The graph below shows the daily profitability of the position. Share prices fell immediately after we established the position. As the stock recovered the net daily profit of the covered call (yellow line) improved. We started making money on the covered call on Feb.5.
We closed the position down to decrease our margin in the account. On Friday we “rolled up” a lot of stock which increased the margin to an uncomfortable level.
We established a new CC on IBM today purchasing 200 shares at $119.65 and selling 2 Feb 19 $120 Calls for $1.53. Net price was $118.12 (stock price – option premium received).
IBM has a $1.63 dividend coming up (ex-div on Feb 9).

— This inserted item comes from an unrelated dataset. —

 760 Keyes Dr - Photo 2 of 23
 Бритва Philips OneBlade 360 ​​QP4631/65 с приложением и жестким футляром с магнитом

If IBM stays above $120 our potential profit is $3.41 (difference between net price and strike price ($1.78) + plus the dividend ($1.63)) or 2.9% in 15 days). We are not planning on holding the shares for the long term….just looking to capture the dividend and some premium over the next two weeks.
In our Schwab 401K account we have had success with a covered call strategy on ATEC. We established the CC position in Oct 2020. Since then we have rolled the options 7 times resulting in an overall profit of $22,864. Based on the success with the stock and favorable outlook and recommendation by Canaccord we expanded our position to include a Diagonal Bull Put Spread.
We established a “defined risk” put spread versus just selling the puts naked. We sold “at the money” Mar 19 $15 Puts for $1.64. and purchased Jul 16 2021 $12.50 Puts for $1.71 as a “back stop” to our short put position.
Our maximum risk is the spread between the long ($12.50) and short ($15.00) strike prices (= $2.50 per share).
Our goal is for ATEC to remain above $15 allowing the short Mar $15 puts to expire at $0 then sell April puts (hopefully followed by May, Jun and Jul Puts).
We are prepared to add to our ATEC stock position if the trade goes against us and we have to purchase the shares for $15.
This is not investment advice….just sharing a personal trade.
We initiated a new covered call position on KBH (home builder). We purchased 300 shares @$42.52 and sold Feb 19 $43 Call options for $2.025. This is the first time we have done a covered call with a real estate developer/builder. Recent financial results were excellent. Stock goes xdiv of Feb 3 with a $.60 dividend.
Picked up the idea from CoveredCallAdvisor.com. Had success following some of their ideas previously. They were more conservative and sold a deeper in the money call. My goal is to pick up the dividend and continuing writing call options against the stock for a few months.
Each of the charts below represents a covered call position in the IB account (with the exception of PINS which is a bull put spread). Total Profit/Loss is in the top section. Return on the position and annualized return is in the second table. Graphs show where the profit/loss is coming from (stock or option). In an ideal covered call the net profit would be higher than either the individual stock profit or option profit components (see ATEC at the bottom). With ATEC I added additional option elements at different times which seems to have helped with option profits. The bull market over the past eight months has pushed stock prices up making it difficult not to “lose” money when we buy back the short call options. Each time we “lose” money on an option roll up it creates a short term capital loss we can use for tax purposes. Once we establish a position we rarely sell the stock until we have held the position for 12 months so we only pay long term capital gains.